Cet usage a donc un lieu : un commentaire du poème de Parménide, commentaire inséparable du renvoi de la question de l’essence à la métaphysique. Ce renvoi implique un exercice de la pensée qui n’est ni représentatif ni logique, en vue d’une relation de la pensée et de l’Etre, relation que la métaphysique a toujours ratée et qu’il est de son essence de rater. Cependant cet autre exercice de la pensée reçoit une détermination : nous ne pensons pas encore. Et il faut bien sûr la faire porter sur le nous et sur la pensée. Elle n’indique pas à proprement parler un manque ni ne signale une plénitude d’où nous jugerions ce manque. Car, que nous ne pensions pas encore est « ce qui donne le plus à penser ». La pensée est traversée de la faille de son absence, sans être pour autant coupée d’elle même. Cette faille est une ouverture et une fermeture. Elle renvoie donc à une articulation.
Et c’est la première définition du Pli : nous ne pensons pas encore.

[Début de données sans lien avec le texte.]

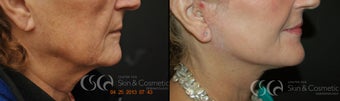 Safelift with Co2 resurfacing before 1090011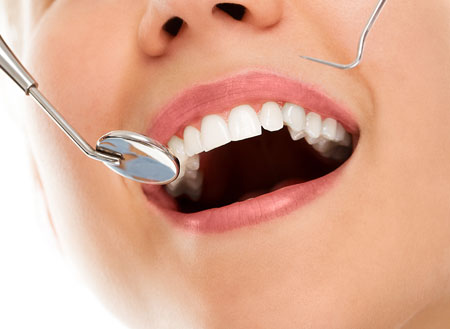 Teeth cleaning and tartar removal package at \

D’un autre côté le pas encore joue dans la pensée de Heidegger un rôle éminent, pensée dont le mouvement, en ce qui concerne plus particulièrement le problème de l’Etre et de l’étant, est un mouvement d’éversion, à condition de ne pas le comprendre comme la simple extériorisation d’une structure ou d’une face intérieure, mais comme l’opposé de la conversion et du développement linéaire d’une intuition originaire. Ainsi le pas encore qui revient fréquemment dans les textes qui précèdent les premiers usages du Pli, sous la forme « ce que nous ne pensons pas encore, ce que nous ne nommons pas encore…»[7] est-il intransitif, et il ne s’agit pas de l’envisager à la lumière de ce que Heidegger aura nommé ou pensé ni comme le pressentiment de ce qui sera nommé ou pensé, mais comme la figure inversée, et pourtant tendue vers un dehors, d’un déjà plus non moins intransitif, celui de l’oubli le plus extrême. Ces pas encore intransitifs n’ont donc pas pour destin de devenir des objets de pensée, comme si l’impensé attendait là un peu de temps, de patience et de réflexion, pour qu’on le pense. Ainsi, par une loi d’homogénéisation nécessaire, Heidegger a-t-il condensé dans la figure du Pli, considérée sous la détermination du pas encore, et la différence ontologique et le lieu et le mouvement de sa propre pensée.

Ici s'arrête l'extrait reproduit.